START Task inputs
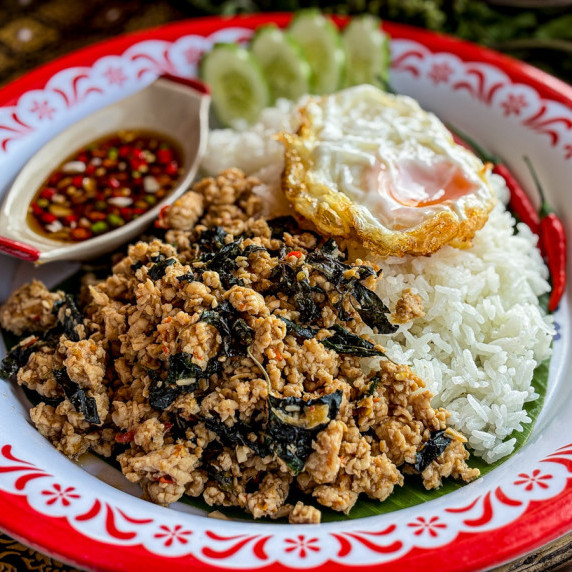 Pad kra pao chicken with jasmine rice and a fried egg.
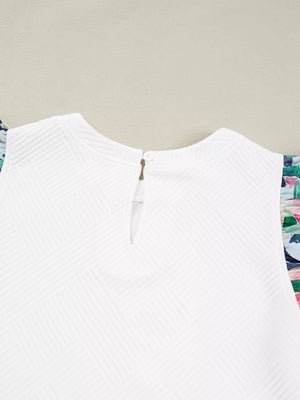 White geometric knit top with floral ruffled sleeves and button back closure.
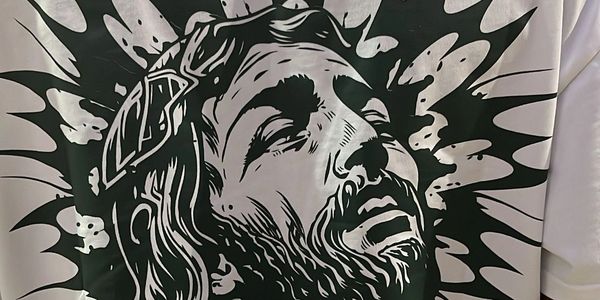 A white t-shirt featured a powerful Jesus Christ logo on the back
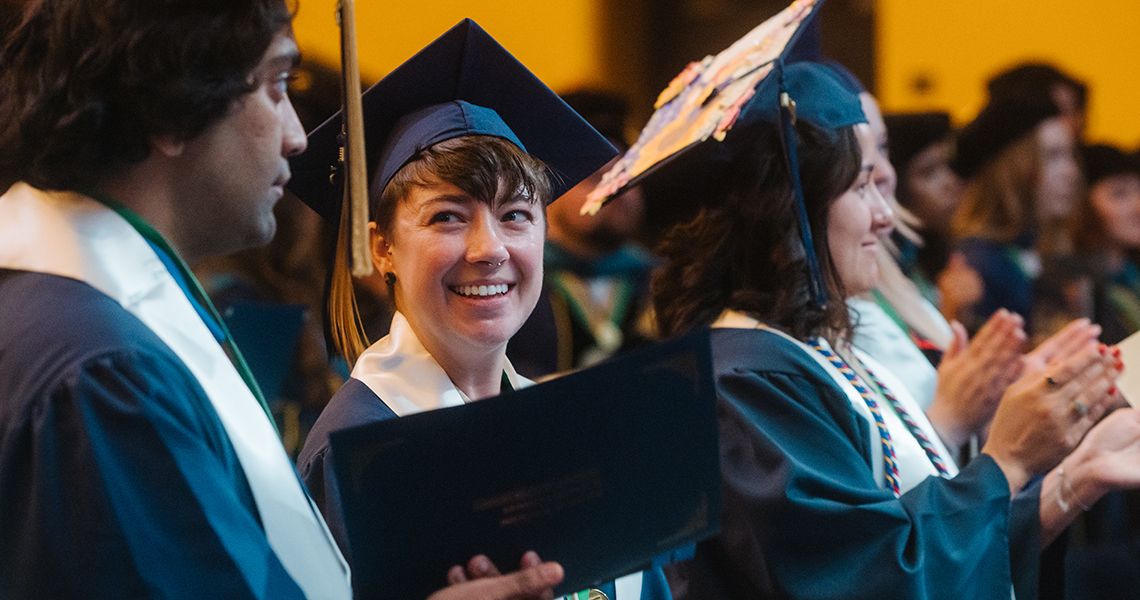 Health Sciences graduate smiles at graduation celebration
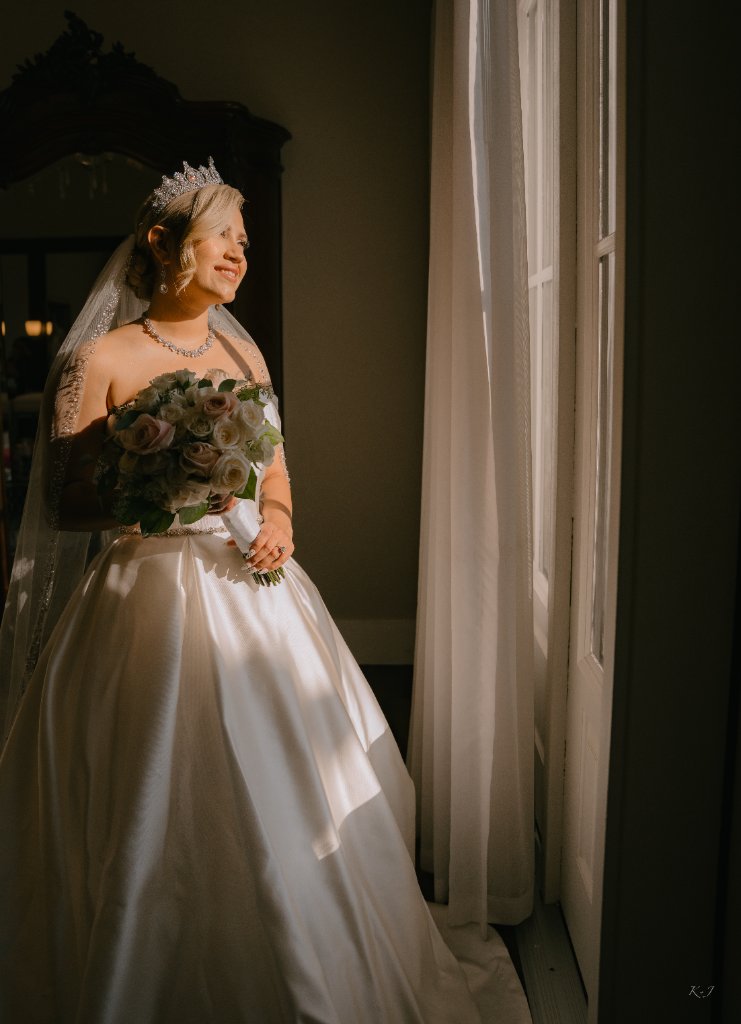 Bride in profile with veil and bouquet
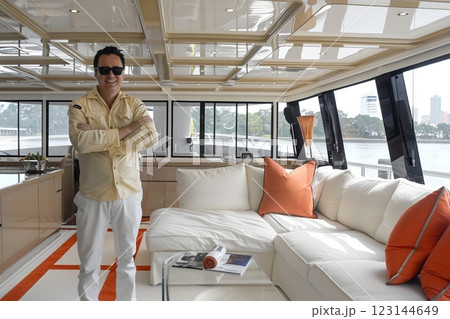 A man enjoys a luxurious yacht interior with a modern design A man enjoys a luxurious yacht interior with a modern design 123144649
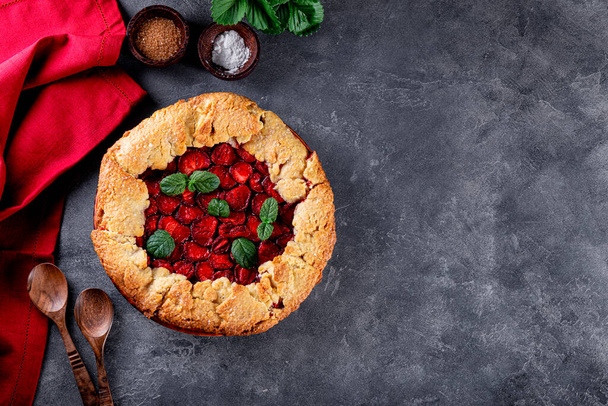 Homemade pie with strawberries on gray background top view, summer pastries with berries, photo with copy space for text - Fotografie, Obrázek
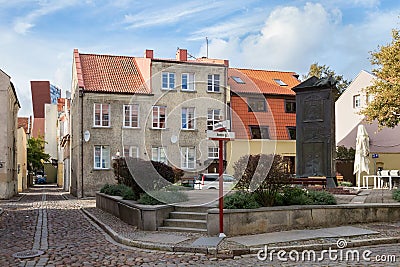 KLAIPEDA, LITHUANIA - SEPTEMBER 22, 2018: Square with bronze sculpture known as Tower in the historical part of Klaipeda Memel. Editorial Stock Photo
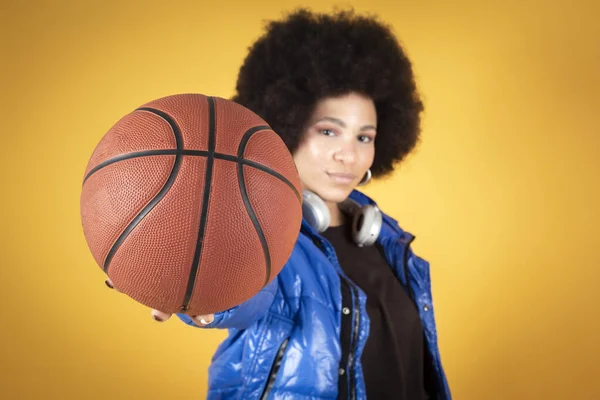 Günlük kıyafetleri ve basketbol topuyla Afrikalı Amerikalı kadın, retro, eğlenceli, sarı arka plan, kopyalama alanı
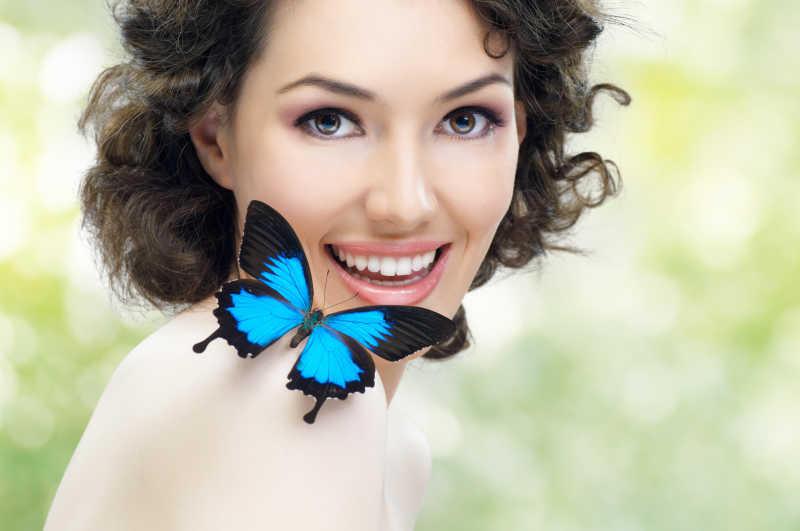 美丽女人肩上的蓝色蝴蝶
END Task inputs
• [Work task]: Both the line containing "Health Sciences graduate" and the last line of the records above belong in the exact copy, along with every line between them; pictures do not.

• [Output of the exercise]:
 Health Sciences graduate smiles at graduation celebration
 Bride in profile with veil and bouquet
 A man enjoys a luxurious yacht interior with a modern design A man enjoys a luxurious yacht interior with a modern design 123144649
 Homemade pie with strawberries on gray background top view, summer pastries with berries, photo with copy space for text - Fotografie, Obrázek
 KLAIPEDA, LITHUANIA - SEPTEMBER 22, 2018: Square with bronze sculpture known as Tower in the historical part of Klaipeda Memel. Editorial Stock Photo
 Günlük kıyafetleri ve basketbol topuyla Afrikalı Amerikalı kadın, retro, eğlenceli, sarı arka plan, kopyalama alanı
 美丽女人肩上的蓝色蝴蝶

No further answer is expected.